In any case, I say these things just to sympathize with you. How can someone you love and trust change just like that? And how can you buy tickets for a concert, make a special dinner, and have your wife attack you like that and leave you home while she goes with someone else? Then flies to California the next morning? It's bizarre.
In my case my husband has never been the same and has since left. He seems depressed around me, but totally normal around his family and friends. He saw a psychologist two times and I saw the same psychologist separately. I asked the psychologist if it appeared my husband had a mental illness and the psychologist said no, he didn't detect anything although he couldn't be sure.
It's really hard to know if your wife is mentally ill or if she's having an affair (or affairs) that are driving this behavior. I don't know much about mental illness but the way she's not sleeping and working so hard on her art, and acting erratically, sounds like a mental illness. Bipolar disorder could be one possibility but there's also dissociative personality disorder which almost sounds like a match based on what you're saying.
My general sense is that the best you can do is ask her family (mom and sister) to intervene and also ask her friends to check on her frequently. It doesn't sound like there's much you can do if she asked for a divorce and is posting bad things about you on instagram. It seems any further effort on your part will send her closer to the brink.
If you haven't read the Divorce Busters book that serves as the basis for this forum you'll probably want to buy and read it.

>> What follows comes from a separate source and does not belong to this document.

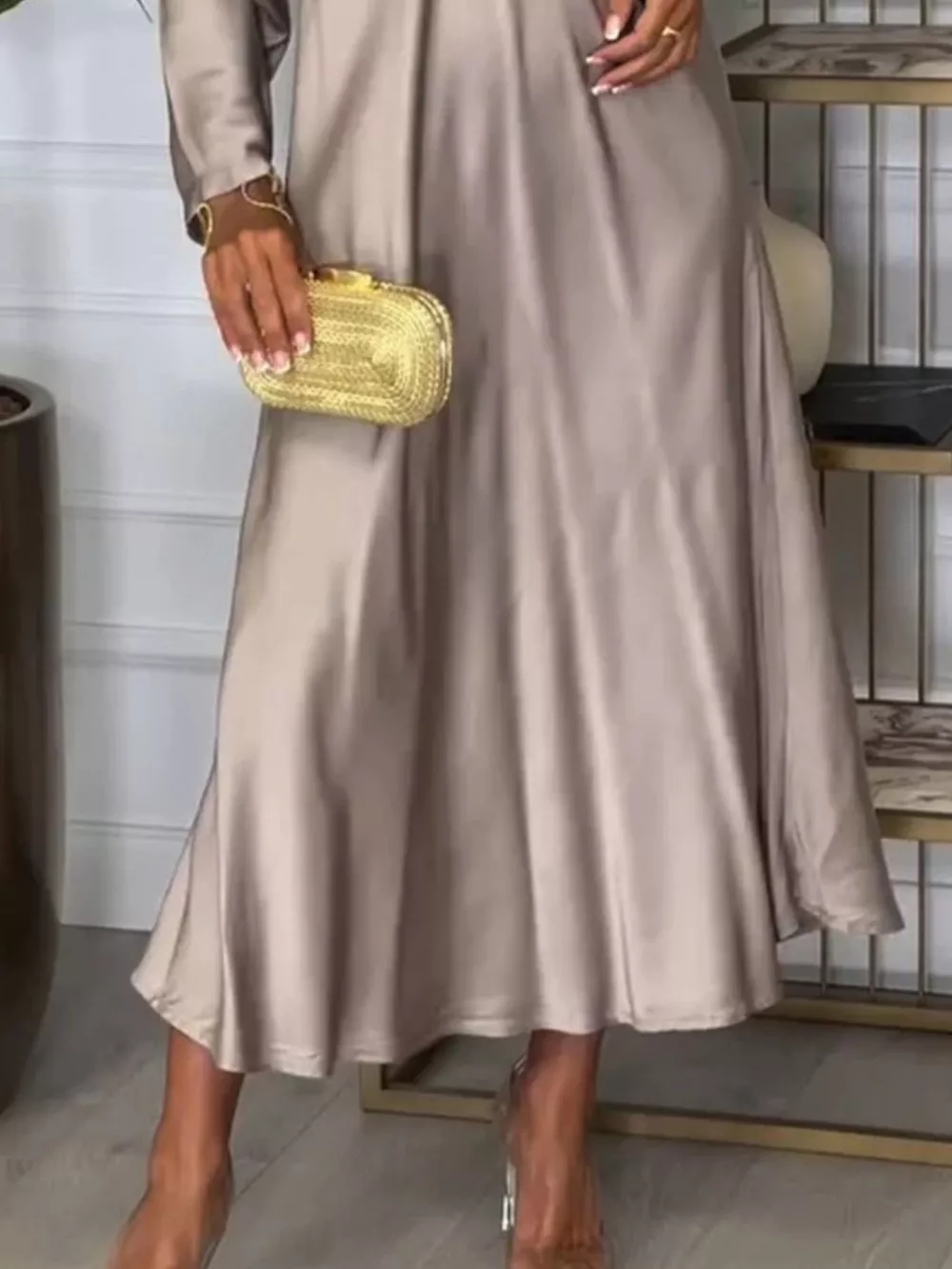 Full Size V-Neck Long Sleeve Midi Dress Plus Size, image 7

It sounds like you don't want to get divorced so it's a good book for you. The sections on mid-life crisis and affairs may be applicable in your situation and offer guidance on detaching, riding out the bad spell in your spouse's life, and things you can do to help yourself.
I'd like to follow your situation and hope you'll post updates frequently because I'm personally interested in seeing what happens with your wife. Since my husband exhibited similar behaviors and also left my situation is not entirely different than yours. Perhaps I'll post more about that on the thread regarding my situation.
In any case, there's still hope your wife will return to normal if she's mentally ill and gets effective treatment. There's still hope for your marriage, I assume, if you find yourself able to proceed knowing this could happen again if her illness 'flares up.' Or, if she's having an affair it may end and she'll be back when it's over. So there's hope, but things will surely never be the same and you have the right to mourn the end of the first part of your marriage where you thought you knew who you married.
Hopefully you'll take care of your own health and keep reaching out to everyone who's been supporting you to make it through this. Your wife is really lucky to have someone who cares so much about her. We can only hope she'll realize what she might lose and return home soon.